WQNY
- Ithaca, New York; United States;
- Frequency: 103.7 MHz (HD Radio)
- Branding: Q Country 103.7

Programming
- Format: Country
- Subchannels: HD2: WFIZ simulcast (Top 40 (CHR)) HD3: Alternative rock "Alt 95.9"
- Affiliations: Premiere Networks; Westwood One;

Ownership
- Owner: Saga Communications; (Saga Communications of New England, LLC);
- Sister stations: WNYY, WHCU, WFIZ, WIII, WYXL

History
- First air date: June 6, 1948 (as WVFC)
- Former call signs: WVFC (1948–1953); WRRA (1953–1960); WEIV (1960–1982);
- Call sign meaning: Q Country New York

Technical information
- Licensing authority: FCC
- Facility ID: 32390
- Class: B
- ERP: 16,500 watts
- HAAT: 263 meters
- Transmitter coordinates: 42°23′13″N 76°40′10″W﻿ / ﻿42.38694°N 76.66944°W
- Translators: HD3: 95.9 W240CB (Ithaca) 103.3 W277BS (Ithaca)

Links
- Public license information: Public file; LMS;
- Webcast: Listen Live
- Website: 1037qcountry.com alt959.com (HD3)

= WQNY =

Radio station in Ithaca, New York

WQNY (103.7 FM) is a radio station broadcasting a country music format. Licensed to Ithaca, New York, United States, the station serves that market and occasionally has appeared in the Elmira–Corning ratings, as the station can be heard well in the eastern and northeastern parts of that market. The station is owned Saga Communications, and operates as part of its Cayuga Radio Group.

==History==
WQNY was the flagship station of the Rural Radio Network (having replaced the station now known as WYXL) and signed on June 6, 1948, as WVFC. WVFC (later WRRA and then WEIV) served as flagship of the network from 1948 to 1981, when the network split up. On December 21, 1982, the station changed its call sign to the current WQNY.

Q-Country 103.7 is currently formatted as a country station, with local personalities either live or voicetracking from 6 am to 7 pm weekdays and most of the weekend daytime hours also. Prior to Saga ownership, WQNY was once an AOR and adult contemporary (in the late 1980s) type station known as Q104 or Q104FM "Ithaca's Continuous Music Station" also "The best of the ’60s, ’70s and Today" as of 1986.

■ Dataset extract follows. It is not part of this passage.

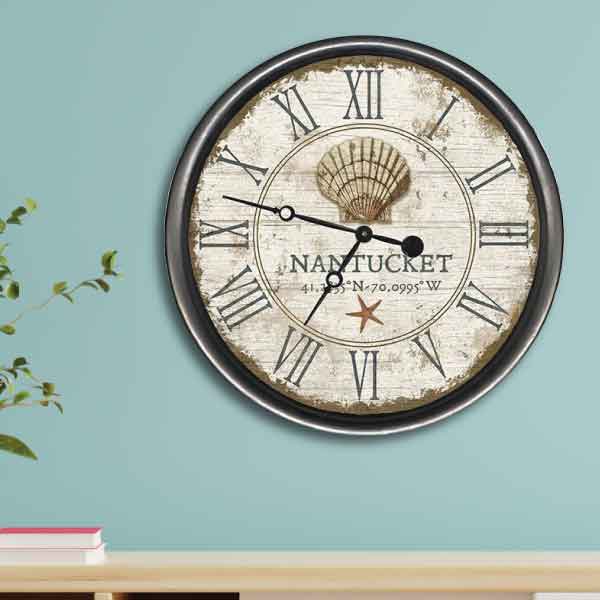 Rustic clock with image of shell and Nantucket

In March 2010, WQNY began carrying its AM sister stations on its HD subchannels. WNYY now occupies the 103.7-HD2 channel, while WHCU occupies 103.7-HD3. The HD carriage enables the AM stations to overcome smaller, directional patterns used during nighttime hours.

In August 2010, translator W240CB 95.9 FM signed on the air and was assigned to relay WQNY. Saga uses the translator to relay the WQNY HD3 feed, WHCU.

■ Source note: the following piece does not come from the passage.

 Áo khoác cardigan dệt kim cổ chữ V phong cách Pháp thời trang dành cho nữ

On August 30, 2018, WQNY-HD3 dropped its simulcast with WHCU and began stunting with a loop of songs by Ithaca-based X Ambassadors. The station revealed its permanent format, alternative rock, on September 4, 2018.

WQNY is the most popular station in the Ithaca market, according to Arbitron ratings, and is thus the most commercially successful of the former Rural Radio Network stations.